What is expected:
For the listing below, the answer is an exact retyping of the lines from the one with "Logo of the" through the one with "超美超梦幻来罗湖打卡星空长廊紫藤花海网红美食", both included, without pictures.

Provided information:

-.-.-

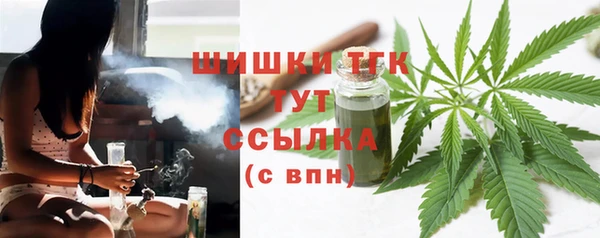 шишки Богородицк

-.-.-

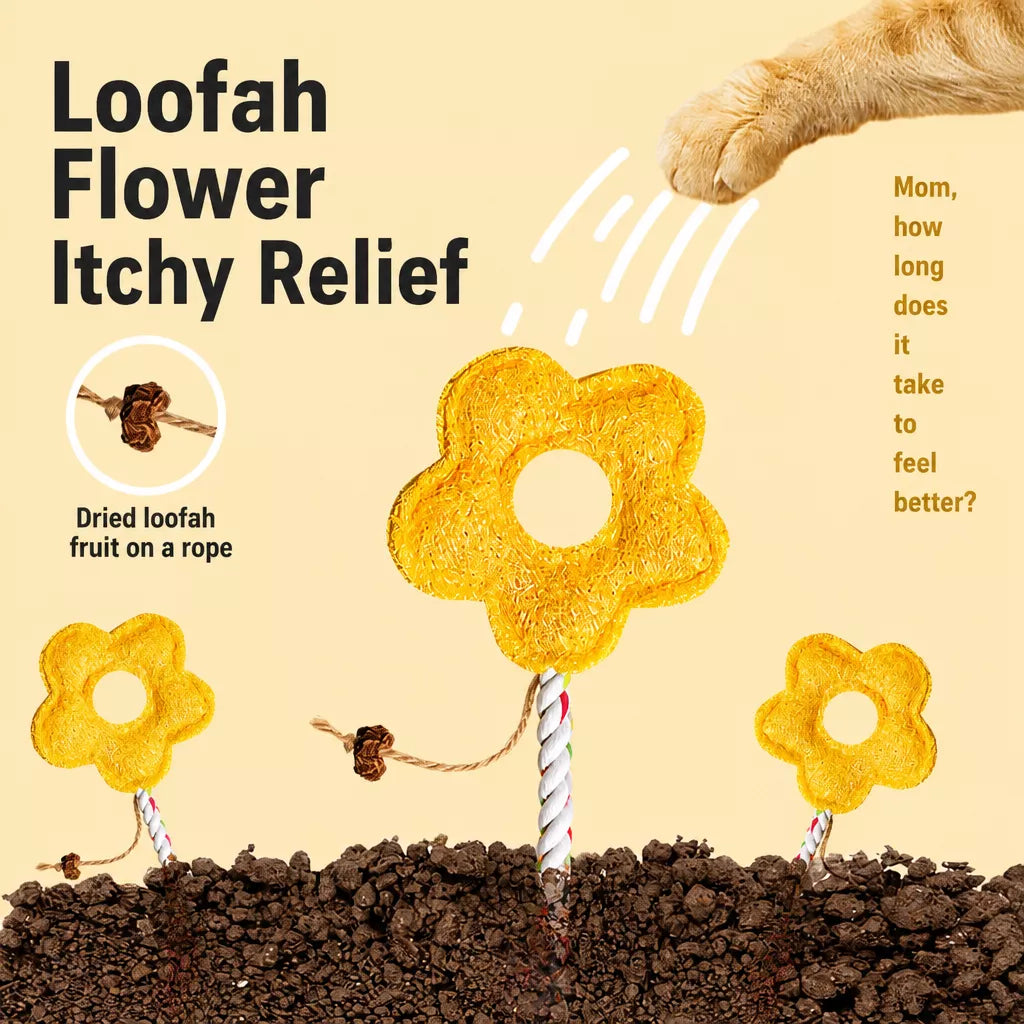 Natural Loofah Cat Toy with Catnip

-.-.-

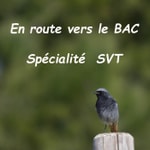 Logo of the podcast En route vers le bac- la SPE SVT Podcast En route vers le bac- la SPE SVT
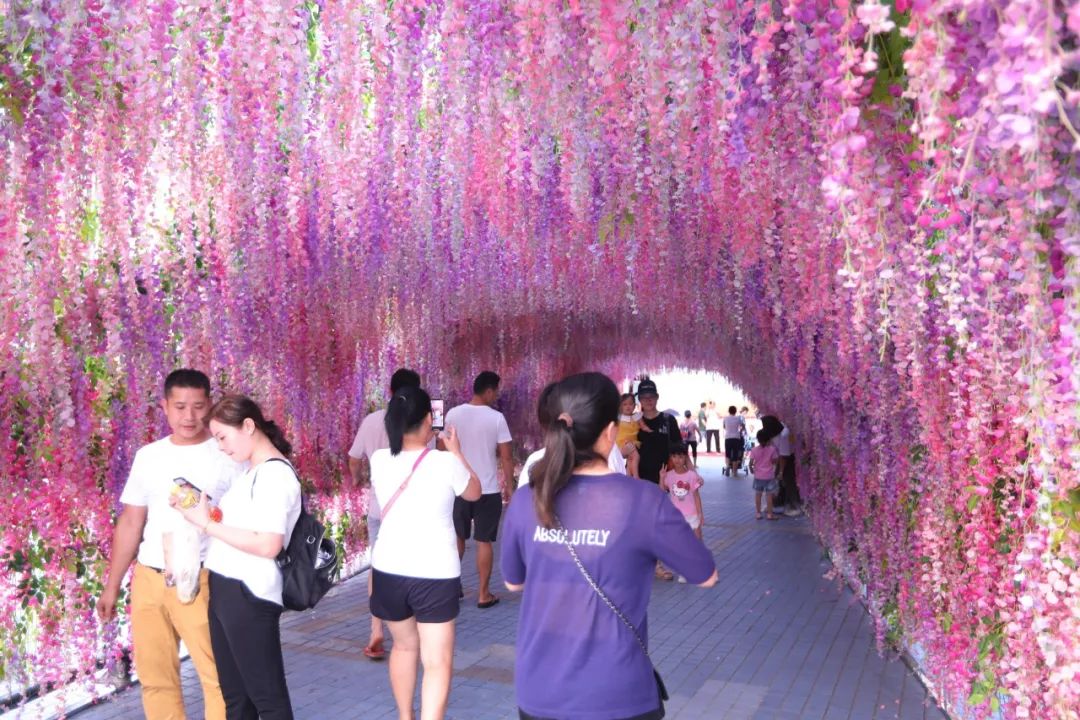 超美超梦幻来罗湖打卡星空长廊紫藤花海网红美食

-.-.-

Response to the task:
 Logo of the podcast En route vers le bac- la SPE SVT Podcast En route vers le bac- la SPE SVT
 超美超梦幻来罗湖打卡星空长廊紫藤花海网红美食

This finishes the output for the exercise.